US Patent No. 3833184 discloses a device for winding a cable or the like on a flange drum which is rotated about its axis while the Cable or the like is guided onto the drum through a transverse guide or distributor. The guide comprises hold-down devices in the form of a shoe which engages the cable or the like where it meets the hub of the wheel or the cable already wound thereon. The hold-down device comprises an arm, one end of which is pivotally attached to a transverse beam which also carries guide means through which the cable passes. The guide shoe is pivotally attached to the other end of the arm and has a longitudinal channel which receives the cable or the like. The device operates in such a way that the distributor is displaced with respect to the drum as the cable is wound onto the drum, so that cable is wound onto the drum with a backward deflection angle and with S-shaped transitions between the cable turns. A sensor or angle detector senses the angle of the guide shoe with respect to the arm. The mechanism for displacing the beam transversely includes a control loop which tends to prevent the angle between the guide and the hold-down arm from increasing above a predetermined value. Consequently, the transverse shifter is moved with respect to the drum at varying speeds.

The object of the present invention is to provide a device in a machine which avoids the above-mentioned disadvantages, enables cable windings to be wound closely together, while the wire-like goods to be wound up are prevented from inadvertently climbing up adjacent cable windings, and ensures the controlled movement close to the drum flanges. This is achieved by a device according to claim 1, characterized in that

- the hold-down device is designed to exert a force on the cable so that the cable itself, close to the drum flanges, lifts the hold-down device to start a new cable layer; and

- that the distributor and the bearing block are designed to be displaced relative to one another at a constant speed, so that the backward deflection angle of the cable can change at the S-shaped transitions between adjacent cable turns, but the cable to be wound onto the drum remains consistently directed backwards when the cable is displaced towards a drum flange.

The invention is based on the idea that, instead of aiming to keep the backward deflection angle of the goods to be wound up, such as a cable, at a constant value between the drum flanges by positive control during the winding process, the deflection angle is allowed to change when the cable forms S-shaped transitions, while nevertheless the angle remains backwards all the time when the cable advances towards the drum flange. The cable to be wound up is prevented from climbing up adjacent cable turns by a hold-down device which rests lightly on the cable at the point where it touches the drum and which is lifted up by the cable near the drum flange when the cable starts a new layer. The word light means that the cable is not pressed forcibly from above and from the side by the hold-down device, forcing it to follow the course of the S-shaped transition of the previous cable turn, but the cable is allowed to form the S-shaped transitions itself: if the cable is rigid, the transitions may be compensated to a certain extent. Since the position of the cable near the drum flanges is changed, the start of a regular winding process is facilitated, so that the light pressure of the hold-down device is sufficient to prevent the cable from rising even near the drum flanges.

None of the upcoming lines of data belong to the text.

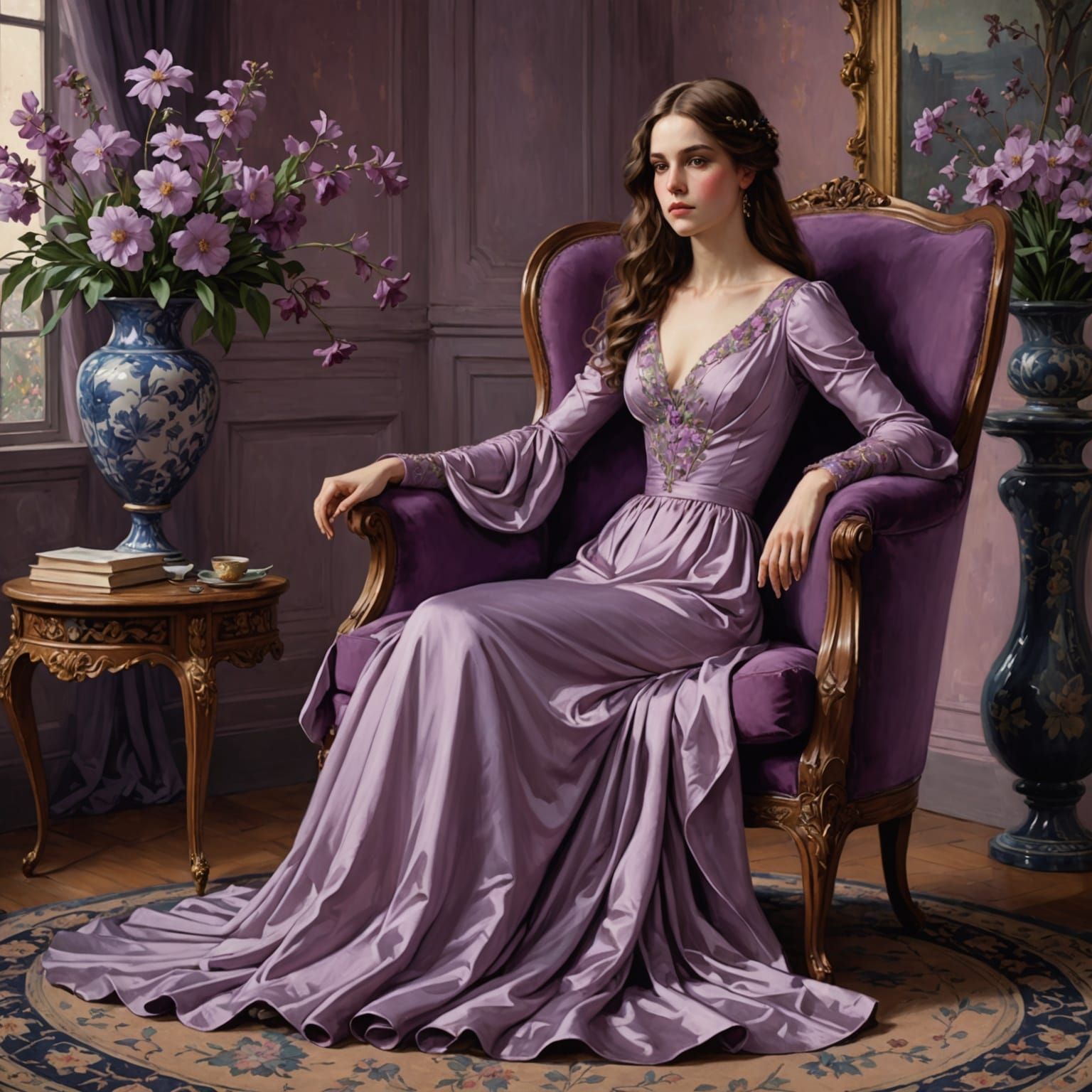 Mauve Dreamscape in the Style of a Waterhouse Painting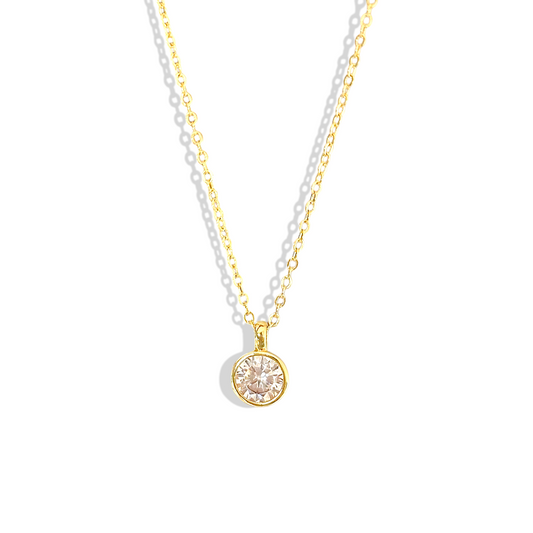 Collar punto de luz con cristal central en engaste enchapado en oro 18K hipoalergénico - D'march Designs Chile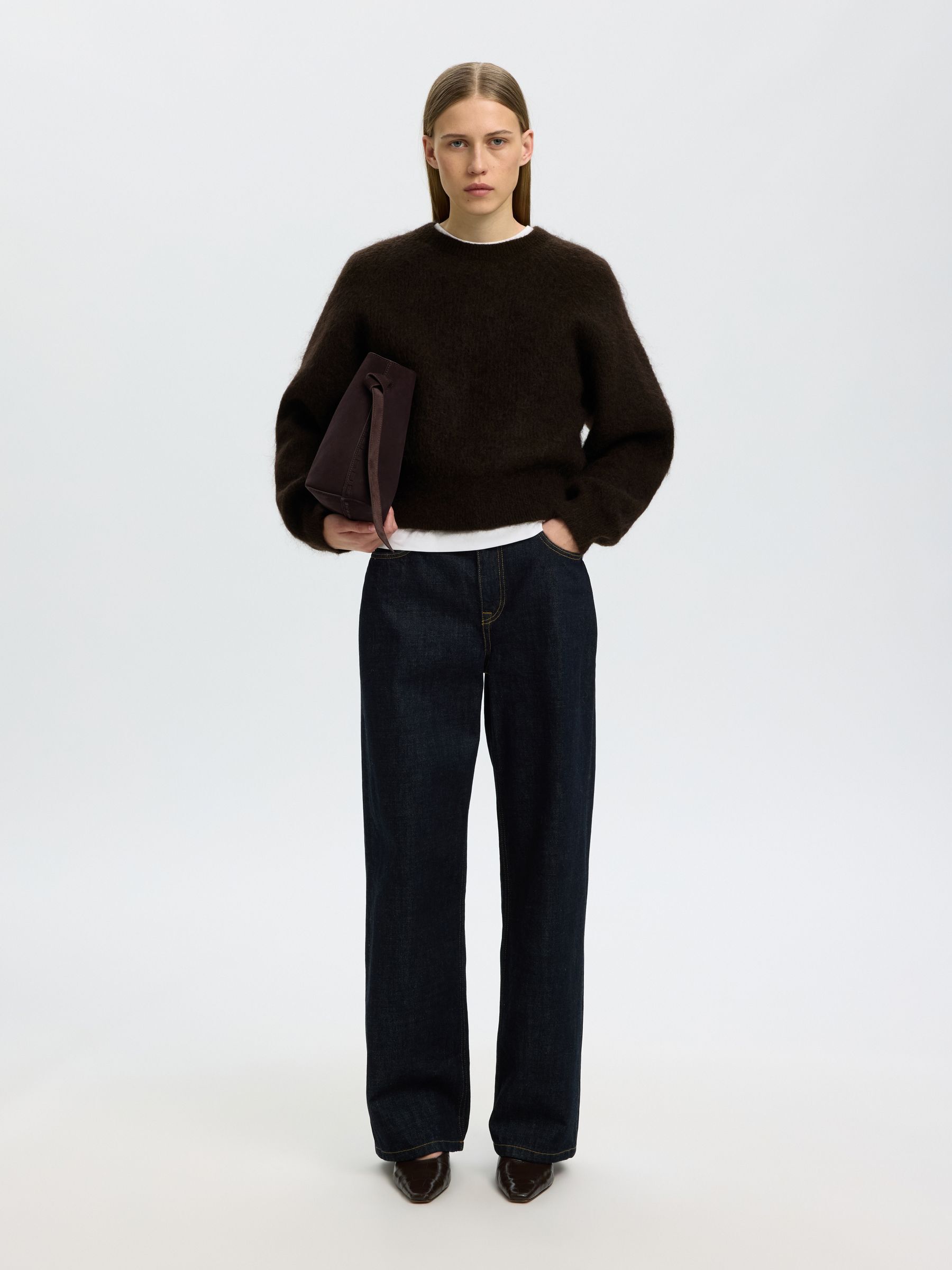 MOHAIR BLEND KNITTED JUMPER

The invention is described below with reference to the attached Drawings described in more detail, where

Figure 1 is a schematic vertical sectional view of a rewinding machine in which a device according to the invention has been used;

Figures 2a and 2B show the winding process according to the present invention, where the point at which the cable touches the drum is in two different rotational positions of the drum: and

Figures 3A to 3F show the reversal of the direction of movement of the cable near the drum flanges.

The main elements of the winding machine shown in Figure 1 include a bearing block 1 for supporting a drum 2 and a distributor 3 for guiding a cable 4 onto the drum. The bearing block has wheels and is displaceable in the axial direction of the drum by a machine not shown, whereas the distributor is fixed stationary.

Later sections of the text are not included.